PROBLEM TO SOLVE:
Retype exactly the span of lines below from the one with "Hey guys, welcome" through the one with "Say hello to". Do not include pictures.

══ SOURCE DATA

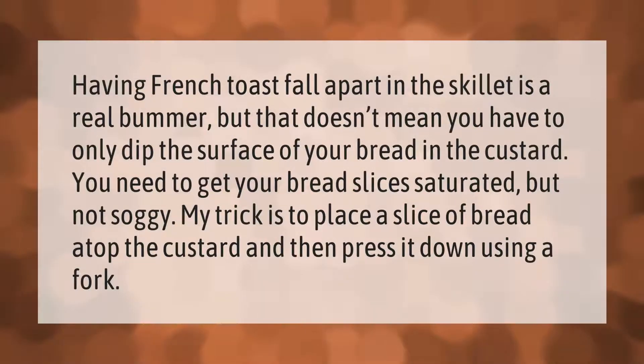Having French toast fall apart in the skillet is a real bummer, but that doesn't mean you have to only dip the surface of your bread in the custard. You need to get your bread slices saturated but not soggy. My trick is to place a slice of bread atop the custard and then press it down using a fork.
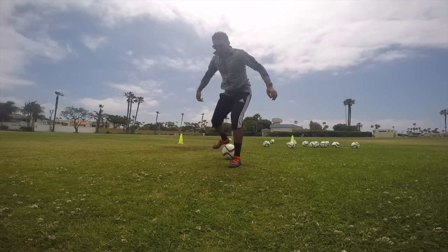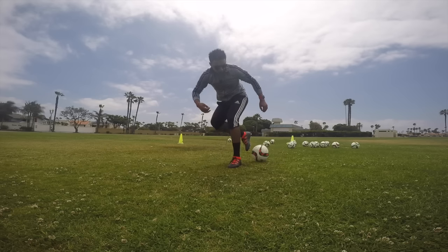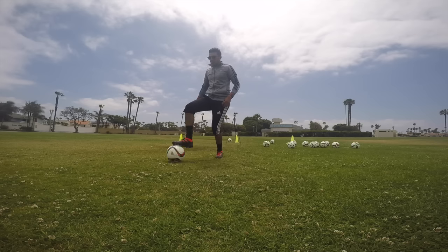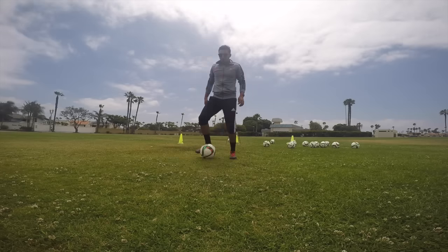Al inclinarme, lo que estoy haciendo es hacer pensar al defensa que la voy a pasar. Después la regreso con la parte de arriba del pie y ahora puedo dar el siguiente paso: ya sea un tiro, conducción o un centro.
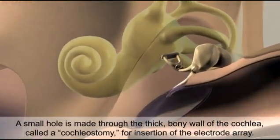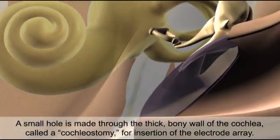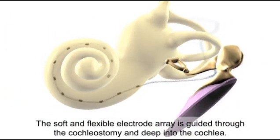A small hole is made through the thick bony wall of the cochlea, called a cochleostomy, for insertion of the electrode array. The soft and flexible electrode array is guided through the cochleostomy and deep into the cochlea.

════
══ SOURCE DATA

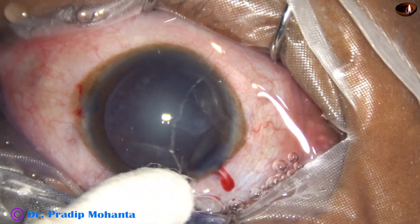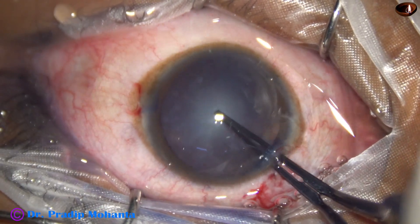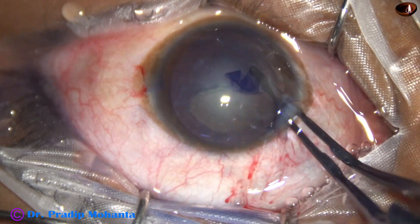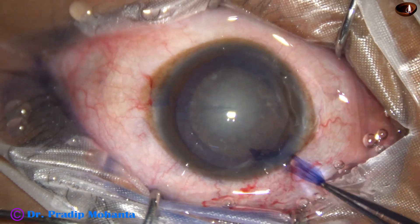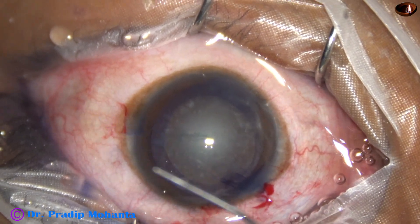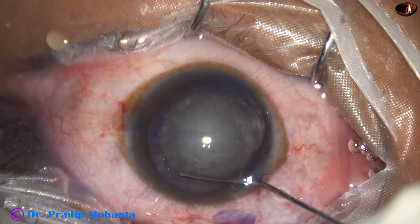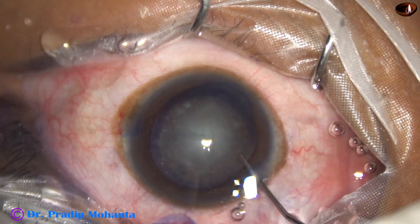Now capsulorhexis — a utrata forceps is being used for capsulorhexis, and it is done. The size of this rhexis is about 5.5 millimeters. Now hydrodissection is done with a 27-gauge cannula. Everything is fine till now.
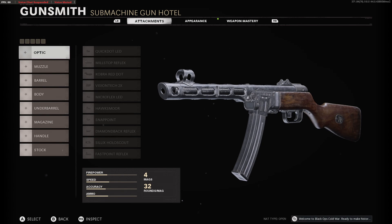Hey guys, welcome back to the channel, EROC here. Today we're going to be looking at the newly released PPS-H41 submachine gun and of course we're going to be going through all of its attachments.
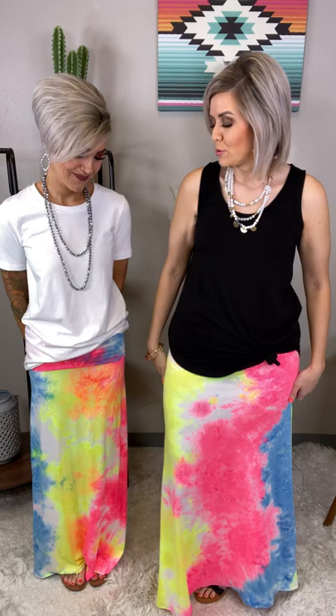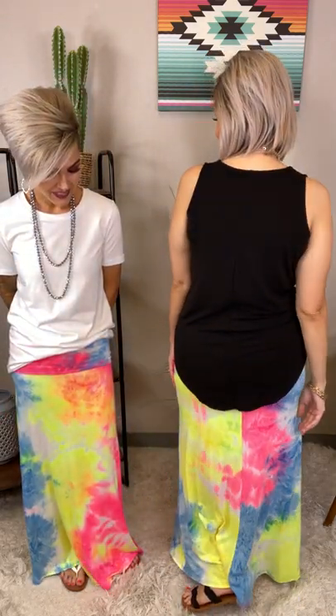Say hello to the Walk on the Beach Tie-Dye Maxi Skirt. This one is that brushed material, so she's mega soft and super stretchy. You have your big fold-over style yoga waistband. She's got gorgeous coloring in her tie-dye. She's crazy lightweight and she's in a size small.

════

EXERCISE RESPONSE:
Hey guys, welcome back to the channel, EROC here. Today we're going to be looking at the newly released PPS-H41 submachine gun and of course we're going to be going through all of its attachments.
Say hello to the Walk on the Beach Tie-Dye Maxi Skirt. This one is that brushed material, so she's mega soft and super stretchy. You have your big fold-over style yoga waistband. She's got gorgeous coloring in her tie-dye. She's crazy lightweight and she's in a size small.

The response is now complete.